Awwasukapi 1,2,3, 2021, peinture à l’huile, cendre de bois, plumes sur toile en bois de bouleau, 4 x 5 pi.
L’Ouest canadien connaît de plus en plus d’incendies de forêt qui non seulement détruisent des forêts et des communautés, mais qui remplissent également l’air de particules de cendres — des particules que respirent les humains et les animaux et dont les effets sur la santé sont immédiats pour ceux qui ont des problèmes de santé et restent encore inconnus pour le reste d’entre nous. Là encore, il est difficile d’être optimiste lorsque, jour après jour, le ciel est obscurci par une épaisse fumée. Ces peintures sont une réponse émotive à la peur et à la tristesse que je ressens, à la façon dont nous sommes pris dans ces funestes vents de changement. La nuée de plumes dans les cendres de bois évoque la présence et la disparition, le fait que nous redevenons tous cendres, et que notre époque est marquée par une extinction massive des oiseaux. Au cours du dernier demi-siècle, l’Amérique du Nord a perdu 3 milliards d’oiseaux!
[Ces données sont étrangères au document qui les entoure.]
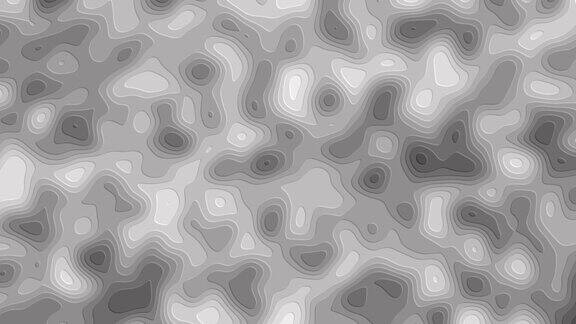 4K抽象液体波灰色背景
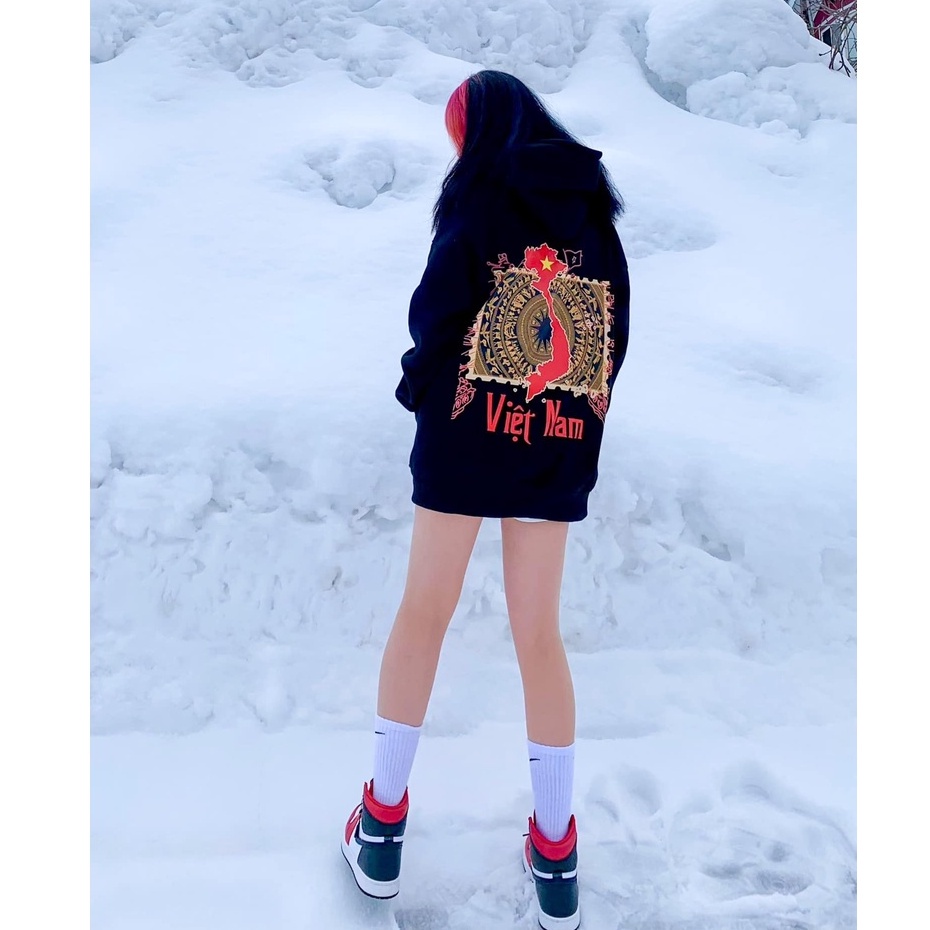 Áo hoodie nam nữ form rộng VN Thống Nhất khoác nỉ sweater local brand có mũ dày dặn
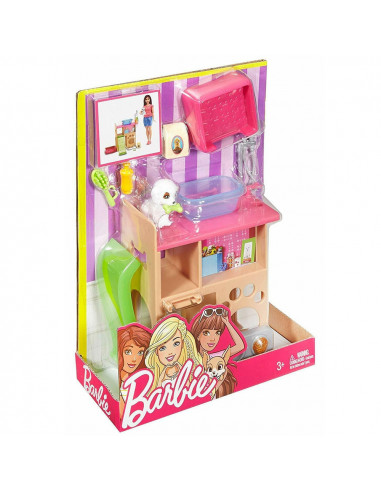 Set Barbie by Mattel Estate Cosmetica animale cu accesorii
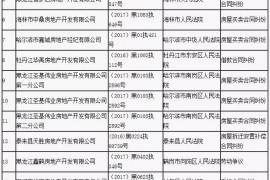 黑龙江省上失信黑名单的130家房地产公司（名录）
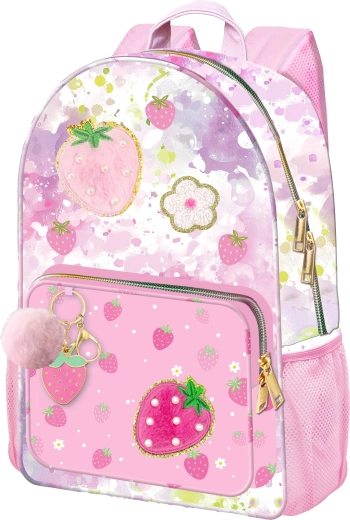 Vaikiška kuprinė Deluxe Strawberry – braškių svajonė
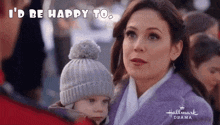 Id Be Happy To Wcthhearties Elizabeth Thornton Seasonseven Christmas GIF - Id Be Happy To Wcthhearties Elizabeth Thornton Seasonseven Christmas Offer Christmas Tree Hunting GIFs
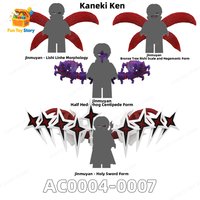 AC0004-0007 cartoon series assembled building blocks, humanoid toys, cartoon movies and TV enthusiasts collect gifts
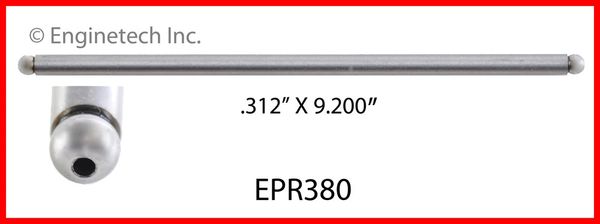 Push Rod - Exhaust 9.200" (EngineTech EPR380) 70-90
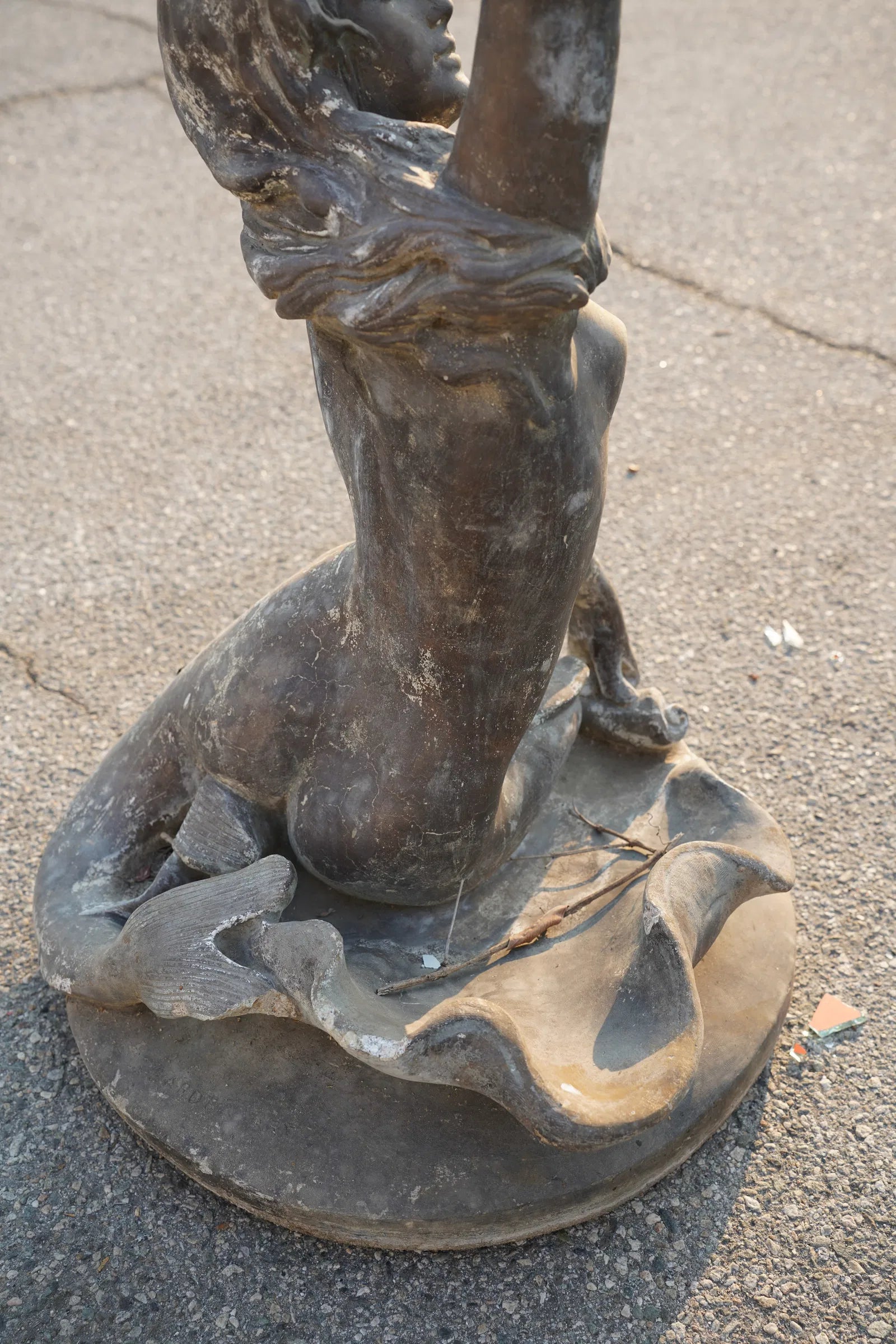 AA4-005: Early 20th Century Figural Mermaid Garden Fountain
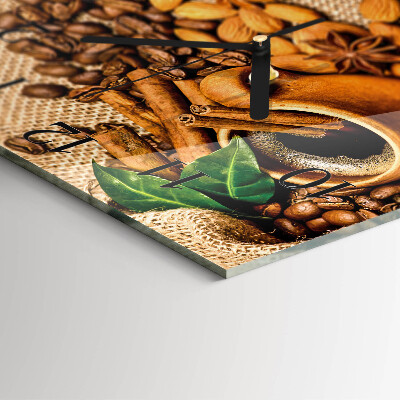 Square wall clock Cinnamon almonds
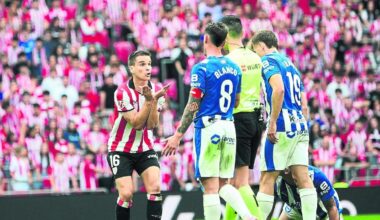 Galarreta no está sancionado pese a llevar cinco amarillas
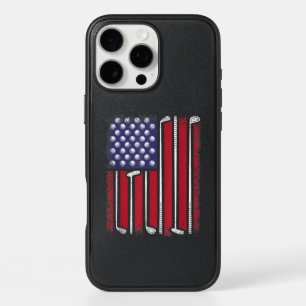 Funny Golf American Flag Golf Player Vintage Golfe iPhone 16 Pro Max Case
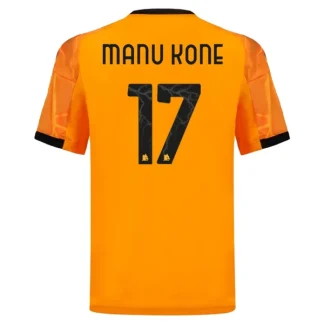 AS Roma Herr Bortatröja 2025/26 Manu Kone 17 Kortärmad Fotbollströja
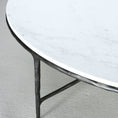 Load image into Gallery viewer, Thaddeus Marble Round Coffee Table 55"D

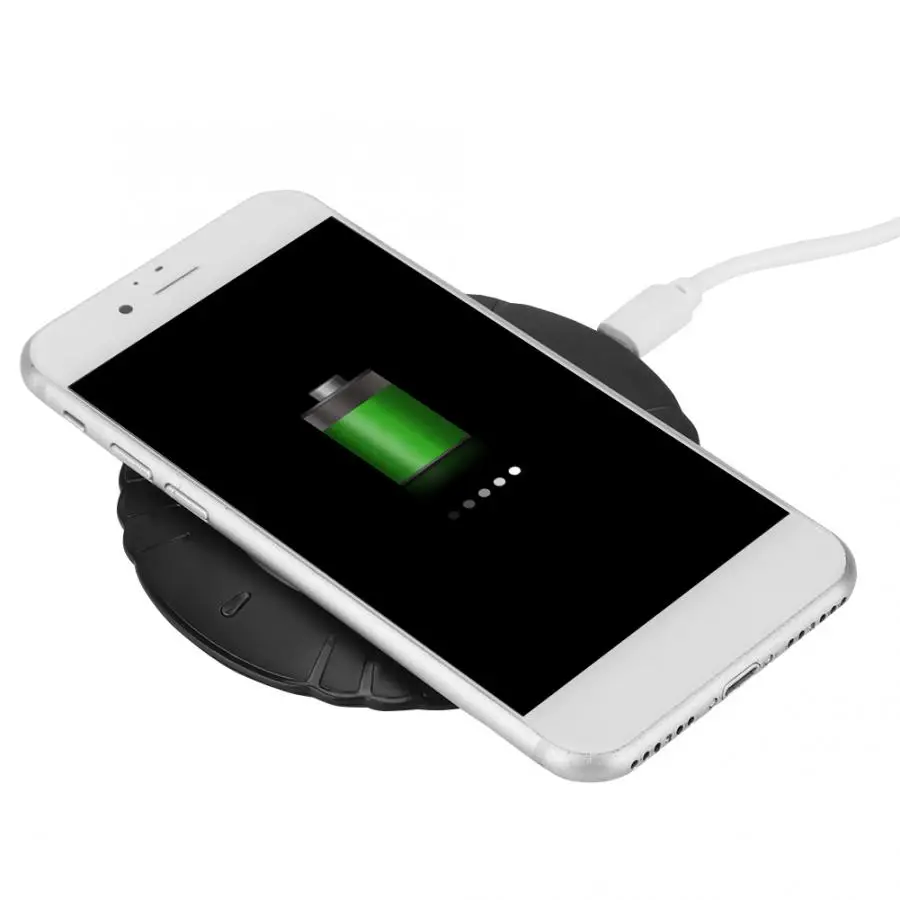 5W QI Беспроводная зарядная панель для iPhone samsung Xiaomi huawei IOS Android телефонов стабильная зарядка Быстрая зарядка приемник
J’appelle cette sculpture Naamo Ooko’o’wa Omahkokata A’paissapii dans ma langue, le siksika. En français, cette phrase signifie « tour d’abeilles et marmotte aux aguets ». Naamo Ooko’o’wa Omahkokata A’paissapii, 2021, base en bois de bouleau teinté avec une marmotte en bronze regardant vers une tour d’abeilles de 20 pieds de haut, en bois de pin teinté orné d’abeilles en feuilles d’or, avec un hibou (teint et recouvert de feuilles d’or) perché au sommet. Sons et lumières : la lumière émane de l’entrée située à la base de la tour et les sons enregistrés dans nos ruches sont diffusés depuis l’intérieur de la tour.
Je pratique l’apiculture depuis 10 ans; j’ai entrepris cette démarche en réponse à l’effarant effondrement des colonies et au danger réel que représente la perte de nos pollinisateurs; s’ils disparaissent, nous en ferons rapidement autant. La Tour d’abeilles, peinte au graphite noir sur gesso transparent avec abeilles en feuille d’or 24 carats et silhouettes d’abeilles fantômes, surmontée d’un toit en cuivre et d’un hibou grand-duc. Dans la tradition des Siksika, le hibou est très respecté et possède de puissants remèdes. Nous craignons de voir un hibou se poser sur nos toits, c’est le signe d’une mort imminente. En plaçant un hibou sur le toit de la tour d’abeilles, je sollicite le pouvoir du hibou tout en sachant que les abeilles sont en difficulté et que nous devons respecter et répondre aux messages que nous envoie le monde animal.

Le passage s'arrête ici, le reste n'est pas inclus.